Comment reprendre une vie normale après les attentats du 13 novembre ? La psychologue Hélène Romano livre quelques conseils.
Docteur en psycho-patologie et spécialiste du psycho-traumatisme, elle est notamment l'auteur, avec Boris Cyrulnik, de "Je suis victime. L'incroyable exploitation du trauma". Elle recommande d'accepter le caractère exceptionnel de la situation, pour soi comme pour ses proches, sans chercher à minimiser les choses ni s'en vouloir d'être angoissé.
Après de tels événements, comment retrouver ses habitudes quotidiennes sans céder à la psychose ?
Il est important d'accepter que cela ne soit pas facile dans un premier temps. Il ne s’agit pas de dire que l’on va retourner au travail comme si de rien n’était, ce serait un leurre. Il ne faut donc pas s’en vouloir d’être angoissé, mais au contraire accepter que les réactions d’anxiété soient adaptées à une telle situation. Nous avons en nous les ressources pour faire face à cette angoisse.
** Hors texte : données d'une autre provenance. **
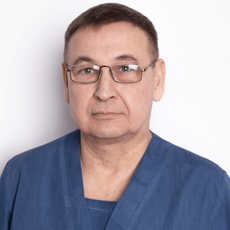 Гиндуллин Борис Назирович, ортодонт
Quelles sont ces ressources ?
Pour les personnes les plus anxieuses, le mieux est de se demander ce qui les rassure habituellement, au quotidien. Ça peut être penser à quelqu’un que l’on aime, toucher un grigri, regarder une photo… Pour se rassurer en allant travailler, on peut par exemple faire le trajet à plusieurs. Si on prend les transports en commun, il faut s’occuper durant le trajet : lire, écouter de la musique…
Quels conseils particuliers donneriez-vous aux proches des victimes ?
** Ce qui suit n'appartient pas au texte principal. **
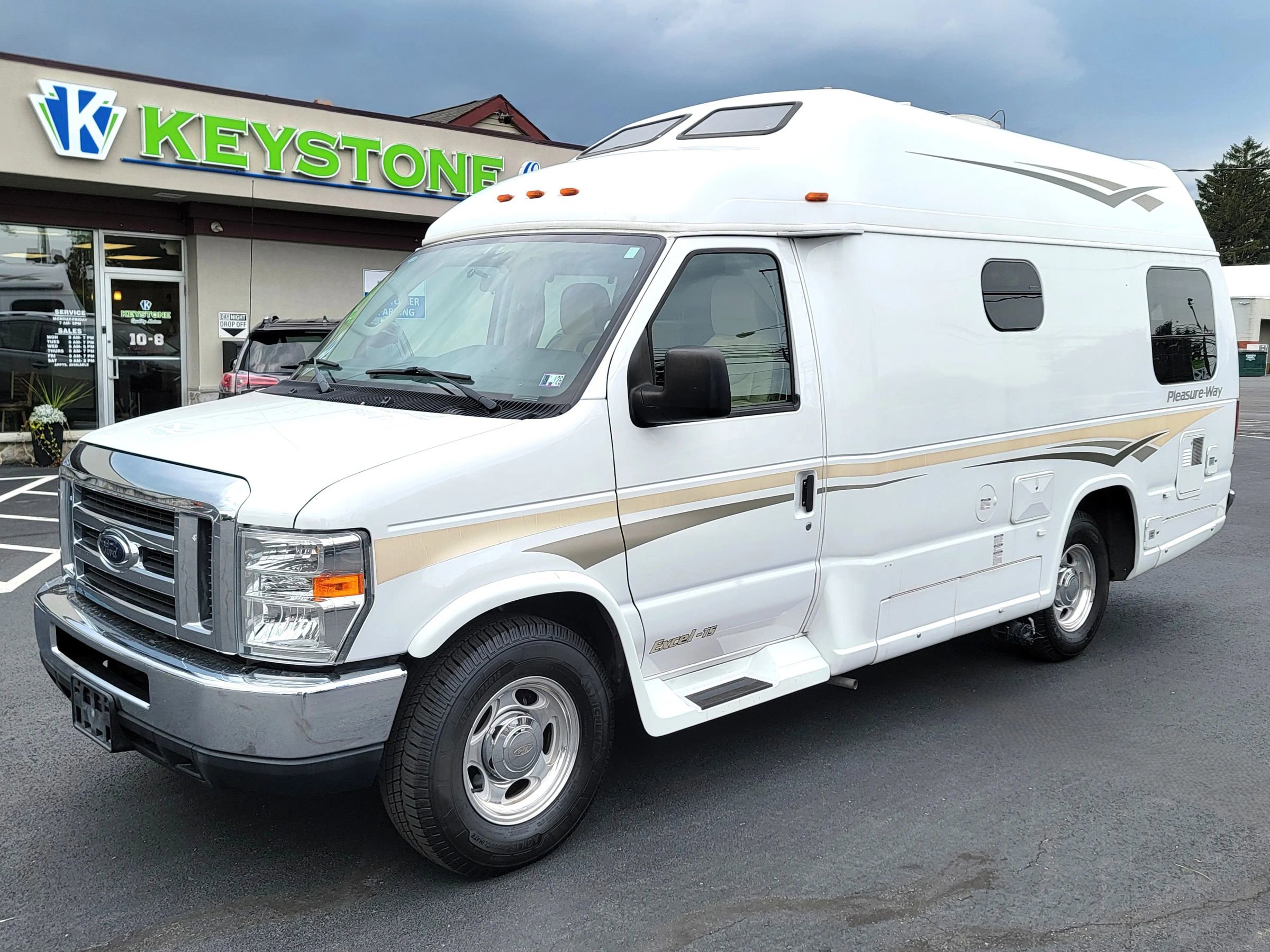 Used 2010 Ford E-350 and Econoline 350 Super Duty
Les personnes blessées risquent de garder des séquelles psychiques. Leurs proches vont devoir accepter qu’elles aient besoin d’un temps de réadaptation à la vie. Ça peut être difficile, car on a tendance à attendre des survivants qu’ils soient heureux d’être en vie, et à ne pas comprendre leur traumatisme. Il faut accepter qu’un proche blessé puisse avoir changé.
Et les personnes qui ont perdu un proche ?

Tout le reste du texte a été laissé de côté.